Here are a few details that caught my eye and imagination from the town records:

  • In 1794, just one year after the town was officially formed, it was decided at a town meeting that the grazing of sheep and swine on the town commons would no longer be allowed. In addition, it went into the notes of the meeting, which was held at the house of David Austin, that a lawful fence be no less than four and a half feet tall.
  • In 1803, a special town meeting was called at the Baptist Church to take measures to slow the spread of smallpox. A committee of 11 was appointed to find ways to minimize the terrible effects of the disease.
  • 1818 saw the imposition of a new tax that would raise $300 for the support of the poor, and also for a town-run home to support the needy.
  • In 1846, Hartford took a vote to decide on the sale of “spirituous liquors.” Of the three hundred and two votes cast, 151 favored a liquor license, with the exact number of voters opposing the town-sanctioned sale of liquor! One year later, the mood had shifted, and the licensed sale of liquor was approved in town by a majority of 92 votes.

And right around the time that Hartford voted to allow the sale of liquor, a wonderful little corn crib was crafted.

About the Hartford Corn Crib

The barn was built to house the corn that was grown on the Hartford farm. It measures 14 x 20 feet. Classic corn crib siding was installed, which allowed for excellent ventilation that would keep the corn drying after it was harvested. Wide boards were sliced so that air could flow through the gaps, but rainwater would be unlikely to enter and spoil the corn.

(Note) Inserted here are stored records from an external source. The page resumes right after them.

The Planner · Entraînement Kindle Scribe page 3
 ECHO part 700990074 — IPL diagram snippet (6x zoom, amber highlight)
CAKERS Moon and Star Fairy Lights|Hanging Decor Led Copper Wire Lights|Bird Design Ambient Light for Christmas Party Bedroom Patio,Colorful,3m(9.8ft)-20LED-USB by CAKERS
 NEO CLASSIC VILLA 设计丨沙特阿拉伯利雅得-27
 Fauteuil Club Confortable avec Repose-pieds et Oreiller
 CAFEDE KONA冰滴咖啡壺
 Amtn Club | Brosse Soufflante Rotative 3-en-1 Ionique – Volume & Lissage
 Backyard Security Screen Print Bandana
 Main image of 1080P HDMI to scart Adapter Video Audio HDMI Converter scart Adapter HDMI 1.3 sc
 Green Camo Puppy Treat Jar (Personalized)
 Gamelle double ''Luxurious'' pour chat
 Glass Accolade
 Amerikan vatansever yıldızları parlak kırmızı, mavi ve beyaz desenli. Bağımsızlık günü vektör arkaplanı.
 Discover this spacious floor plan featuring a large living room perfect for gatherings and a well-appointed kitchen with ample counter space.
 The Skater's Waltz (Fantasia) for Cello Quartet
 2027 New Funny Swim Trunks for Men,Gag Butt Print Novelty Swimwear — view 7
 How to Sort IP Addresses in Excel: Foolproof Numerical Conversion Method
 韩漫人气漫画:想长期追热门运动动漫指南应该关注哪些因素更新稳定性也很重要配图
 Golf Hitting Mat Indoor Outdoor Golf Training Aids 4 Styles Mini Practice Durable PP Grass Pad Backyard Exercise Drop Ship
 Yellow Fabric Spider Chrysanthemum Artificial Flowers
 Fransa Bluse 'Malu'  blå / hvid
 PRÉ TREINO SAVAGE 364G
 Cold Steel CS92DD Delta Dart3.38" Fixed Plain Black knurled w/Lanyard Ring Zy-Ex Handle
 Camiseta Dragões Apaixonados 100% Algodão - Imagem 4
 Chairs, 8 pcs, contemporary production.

Trapper's Cabin vintage corn crib siding green mountain timber frames

The barn stood in the farmyard for over 100 years, right next to the large barn where animals were kept, and also where militia members were once housed during a conflict with Native Americans in the area. trapper cabin homestead hartford new york barn for sale green mountain timber frames

The Corn Crib Makes Its (First) Move

Our little corn crib saw a big change in the fall of 1968. No longer needed for corn storage, the barn was moved from the farmyard out to the woods behind the fields. The structure was moved with the use of a bulldozer.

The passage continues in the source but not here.